What it did not understand is that the 4th leg was D. Because it never looked at it, other than classifying it as a leaper, so that it should not toggle back the W to R. So it was close, but no cigar...


Daniel Zacharias wrote on Tue, Feb 27 09:29 PM UTC:

This might never be possible, but I wonder if there could be a way to specify a piece that captures like a cannon, but both parts of the move—before and after the mount—must be the same distance, and there can be any number of other pieces jumped over on the either leg.


💡📝H. G. Muller wrote on Tue, Feb 27 09:41 PM UTC in reply to Daniel Zacharias from 09:29 PM:

This would indeed be hard. One way I could see it done was introduce a special symbol as repeat limiter similar to what i does for slider continuation legs, and thus means "as many repetitions as there were in the previous parenthesized group". Suppose that symbol is $, you could write [(mpW-)pW-(mpW-)$cW]. It is a sort of orthogonal Equihopper.


Bob Greenwade wrote on Tue, Feb 27 10:31 PM UTC in reply to H. G. Muller from 09:08 PM:

OK, so the bD should've been bpaW (or bpafW), and I should've realized that. Grr.

But now I've tried [R?mW-ucW-bpafW] and [R?uW-cW-bpafW] and various other combinations thereof (both with and without the f), and I still don't get the desired effect.


Bob Greenwade wrote on Tue, Feb 27 10:36 PM UTC in reply to H. G. Muller from 09:41 PM:

This would indeed be hard. One way I could see it done was introduce a special symbol as repeat limiter similar to what i does for slider continuation legs, and thus means "as many repetitions as there were in the previous parenthesized group". Suppose that symbol is $, you could write [(mpW-)pW-(mpW-)$cW]. It is a sort of orthogonal Equihopper.

I like this idea, and the choice of symbol. I can see it being useful for a number of different possibilities (like maybe a bent or hopping rifle capture).


💡📝H. G. Muller wrote on Wed, Feb 28 07:40 AM UTC in reply to Bob Greenwade from Tue Feb 27 10:31 PM:

[R?uW-cW-bpafW]

You are mixing XBetza with bracket notation.
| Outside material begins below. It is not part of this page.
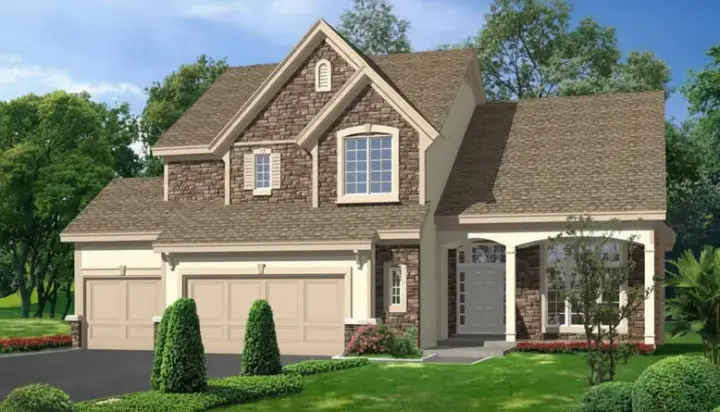 Traditional house plans 21-509 - front exterior, 3,336 sq ft, 4 bed, 3 bath house plans | Monster House Plans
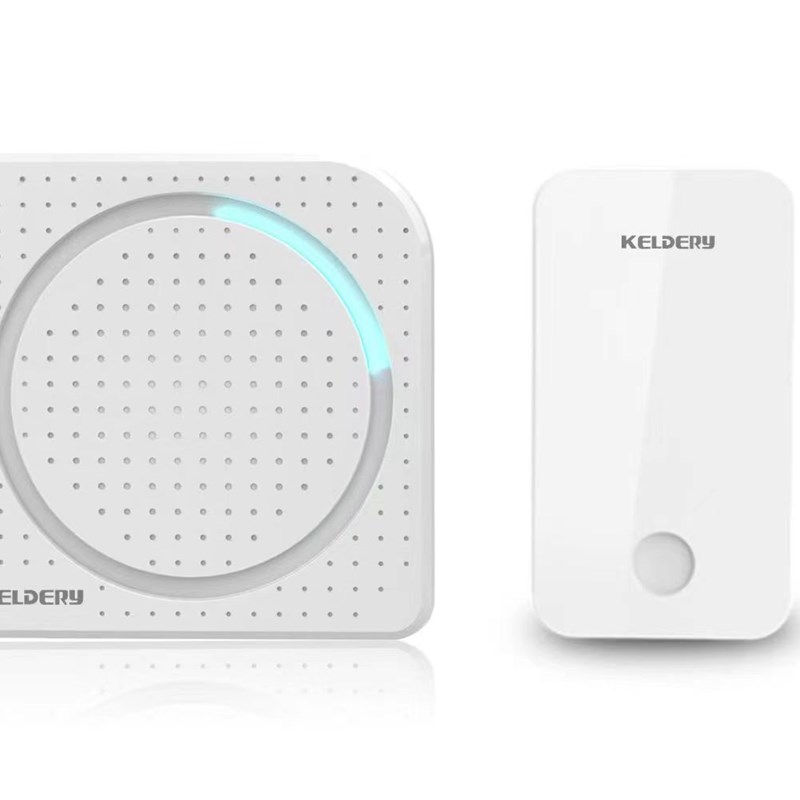 无线门铃家用超远距离免插电智能电子自发电叮咚门铃呼叫入门铃铛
You cannot do that; a in bracket notation would mean 'all directions', not continuation. You should have written [R?uW-cW-bpW-fW].

But your original [R?ufW-cfW-bD]  is wrong in the first place. It specifies an unload on the start square of two consecutive W steps, and then a D step back. Which would end up on the same square as the unload. What you really want after the Rook move is step to the unload square (fmW), from there swap with the enemy piece (fucW) and step two back (bD). That is [R?W-ucW-bD]. (But note that this makes the attarction of the enemy piece optional; it could stop after R even if there is an enemy piece two steps further.) The D step would have to be split up in XBetza, and not being a 2nd leg the bracket preprocessor won't do that automatically. But it probably would handle [R?W-ucW-bpW-W] correctly.


Niels van Ham wrote on Wed, Feb 28 09:08 AM UTC:

It may not be neccesary, but we could expand the set of allowed symbols, currently we have;

  • Letters, upper- and lowercase, Numbers and Punctuation, may use shift

We could expand to use symbols like í, þ and £, which are all available on a regular keyboard, the special i's could get used for various "cases" of initial, removing the requirement of ii as a special i could take it's place. Edit: Though you'd need Alt Gr for the latter 2 symbols given.

At the current point, i don't really see it happening, since we still have quite some punctuation not yet used

Edit: Could we also have grouping of symbols to make things like c(QNN) for a capture-only Amazonrider


💡📝H. G. Muller wrote on Wed, Feb 28 10:09 AM UTC in reply to Niels van Ham from 09:08 AM:

There is no such thing as a 'regular keyboard'. Each country has its own national version, and that you happen to have these symbols, doesn't mean that others have them. (Have you ever been in Taiwan?) I do have í on my PC, but not on my laptop.

Grouping of atoms was also proposed by Bob (in various forms, either by enclosing them (and then I would not use parantheses but braces { }), or by connecting them with some infix operator like |.


Bob Greenwade wrote on Wed, Feb 28 03:15 PM UTC in reply to H. G. Muller from 07:40 AM:

See, I knew I was getting the u wrong somehow! And I didn't think about the a in bracket notation being different; botching that, honestly, is me all over.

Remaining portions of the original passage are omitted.